OpenAI has released a new language model called o1 that can draw logical conclusions and solve mathematical puzzles. This model significantly outperforms its predecessor, GPT-4o, in logical reasoning tasks.

Why all the excitement?
OpenAI’s new AI model, with the rather sober designation o1, is making quite a splash. The AI can draw logical conclusions much better than other large language models. AI specialist Ethan Mollick presents a particularly impressive example in his popular newsletter “One Useful Thing”: He had the AI solve a crossword puzzle.
In a detailed blog post, however, OpenAI particularly highlighted the model’s ability to solve math problems. The model solved the tasks of the American Invitational Mathematics Examination (AIME), a qualifying competition for the International Mathematical Olympiad for students, with a reliability of about 83 percent. OpenAI’s best model to date, GPT-4o, only achieves about 15 percent on this test.
Why are math problems so important at this point?
That solving middle school mathematics should be a sign of special machine intelligence sounds surprising at first. But mathematics is the benchmark for logical thinking, and a generative artificial intelligence that can not only formulate coherent sentences but also think logically would indeed be sensational. Such a machine could learn to autonomously complete complex tasks based on very generally formulated instructions. It could weigh opportunities and risks and understand abstract ideas that have so far been reserved only for us humans. It could even help master the great problems of our time.
Why can’t language models do this so far?
Language models are actually only there to determine the most likely next word in a text. The fact that ChatGPT, Claude and Co. still appear so amazingly human-like and can do surprisingly much by now is related to huge training datasets, clever optimization strategies, and a lot of fine-tuning of the models.
But there are still big problems:
- Language models work sequentially from input to output. This means they generate their responses word by word but can’t change their responses retroactively. They are therefore not made for tasks that require mental buffering and understanding of non-linear relationships.
- Language models work statistically. Logical connections that humans explicitly know and use are only implicitly present for language models – if they appear in the training data.
- Language models hallucinate. Especially when there is little in the training data about the input prompt they are supposed to complement, they produce output that somehow looks right but is completely wrong in content.
How can computers crack math problems and logic puzzles?
This question has occupied AI research since the 1960s. Popular at the time was the idea of symbolic artificial intelligence. The idea was to bring human knowledge about a particular problem into a formal and machine-readable form, such as a search tree. This consists of nodes connected by edges – namely whenever one of the states of the problem can be transformed into a second state by applying the respective rules. Using this method, the computer program Logic Theorist succeeded in proving 38 of the first 52 theorems of Principia Mathematica as early as 1956. In this three-volume work, mathematicians Alfred North Whitehead and Bertrand Russell had attempted to derive all of mathematics from as few premises as possible. Essentially, this was based on the software finding a continuous path between the theorem and a previously proven point in the search tree.
How did OpenAI approach the problem?
We don’t know exactly. There are only a few details that OpenAI has published so far. All we know so far is that OpenAI has boosted a large language model to solve the problem – and that they use two techniques: Chain of Thought (CoT) and reinforcement learning.
CoT means having the machine work step by step – much like solving a math problem using the rule of three – we know this, then this follows, then that. The technique itself is not new. It is known that large language models provide more accurate results this way.

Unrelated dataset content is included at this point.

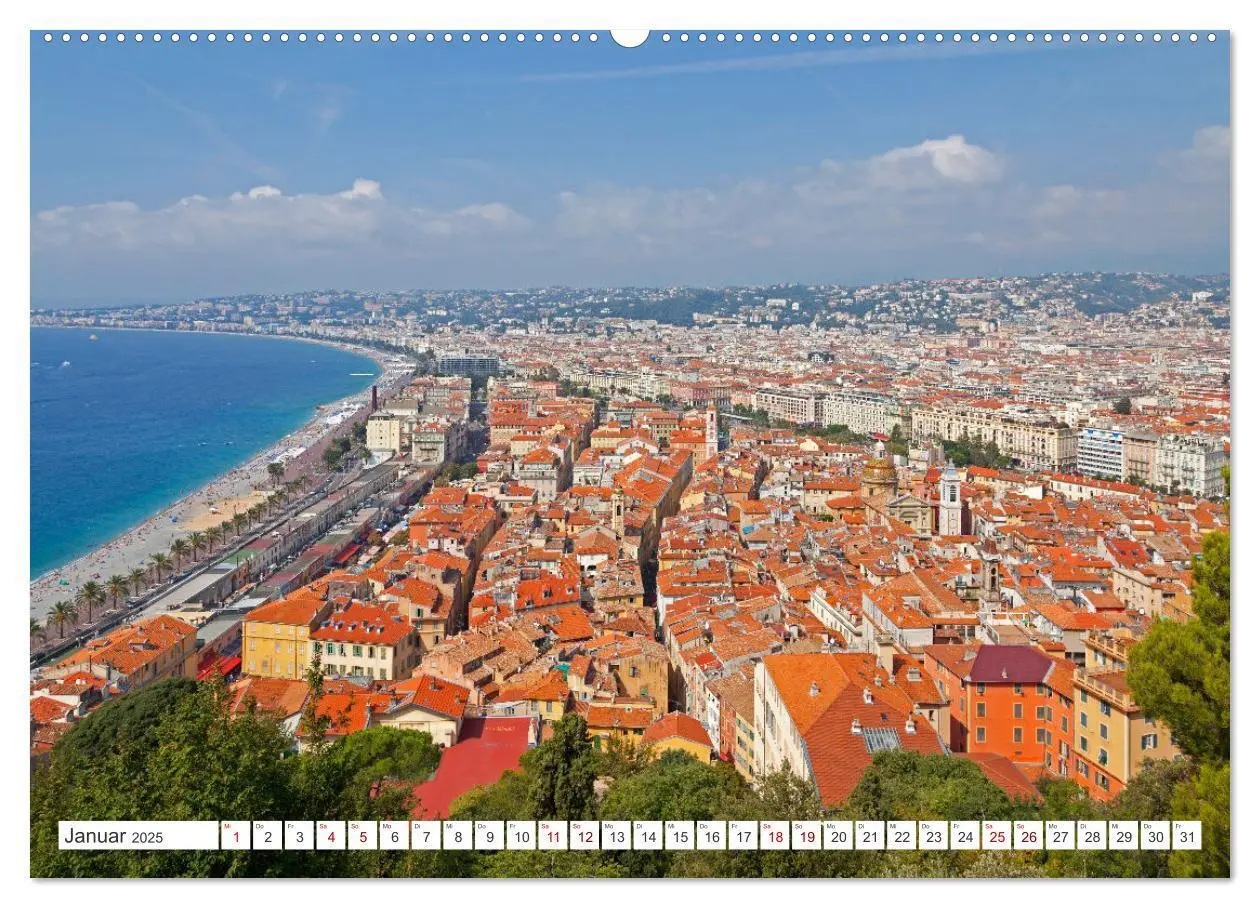Bild: 9783435035496 | Côte d'Azur - Sehnsuchtsort am Mittelmeer (Wandkalender 2025 DIN A2...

Reinforcement learning means letting the model try out different solution paths, which are initially chosen randomly. If the model arrives at the correct solution, the intermediate steps on this path are given a higher probability value.
Subbarao Kambhampati of Arizona State University speculates in a post on X about how the two components could interlock: Presumably, to solve a given problem, the language model generates a large number of CoT prompts and then inches its way forward piece by piece – trying out all possible solution paths. In a special training, the correct paths are then weighted higher. All of this is repeated billions of times during training – probably also with the help of synthetic data – until the model has learned enough.
In productive operation, the model also generates a lot of internal CoT prompts from the prompt and then selects the solution paths that, according to its training, should most likely lead to the solution. From these, it then – presumably – selects the shortest one and shows excerpts of it to the user.
However, this means that here again there is no guarantee that the solution is actually correct. There is no real, logical or mathematical verification of the solution. The model can still hallucinate.
Is this now the breakthrough towards artificial general intelligence (AGI)?
No. While experts don’t even agree on what a real AGI should be, not even OpenAI claims that Project Strawberry is such a thing.